Some functions treat arbitrary-precision numbers as above machine-precision numbers. They are different kinds of numbers. Exact numbers are above arbitrary-precision and machine-precision numbers. See the Numbers tech note for further discussion. So if in NonlinearModelFit[], you set WorkingPrecision to any positive numeric expression other than the symbol MachinePrecision and your data or model have machine-precision numbers in them, a warning message will be printed. It is a warning only. NonlinearModelFit[] will convert the inputs to the appropriate precision. But if the inputs are of lower precision than the desired output, a warning seems appropriate.
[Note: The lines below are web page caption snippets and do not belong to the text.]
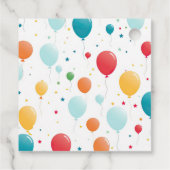 Étiquettes Cadeau Dinosaur Joyeux Anniversaire gris (Dos)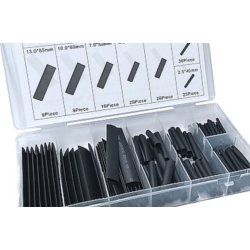 SHRINK-ON TUBES 127X BLACK THERMO TUBES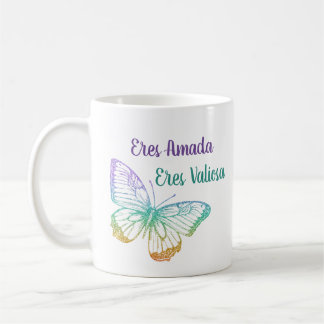 Kleurrijke Gradient Leuke Vlinder Christelijk Koffiemok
(1a) One way to deal with it is to ignore it. (1b) This also ignores it and keeps the warning from being printed: Quiet[NonlinearModelFit[...], NonlinearModelFit::precw].

(2) Another way is to artificially raise the precision of the inputs. Jim Baldwin's suggestion, Rationalize[..., 0], converts the numbers to exactly rational numbers. SetPrecision[stuff, 6] would set the argument stuff to have a Precision of 6.

(3) You may have a reason for using WorkingPrecision -> 6 (round-off error tracking, for instance, except...†), but in most cases I've encountered, PrecisionGoal -> 3 and machine precision is faster and just as good.

†Note: Using a number for WorkingPrecision does not guarantee error-tracking. Error-tracking in arbitrary-precision numbers can be overridden with $MinPrecision and $MaxPrecision. I'm not sure what NonlinearModelFit[] does.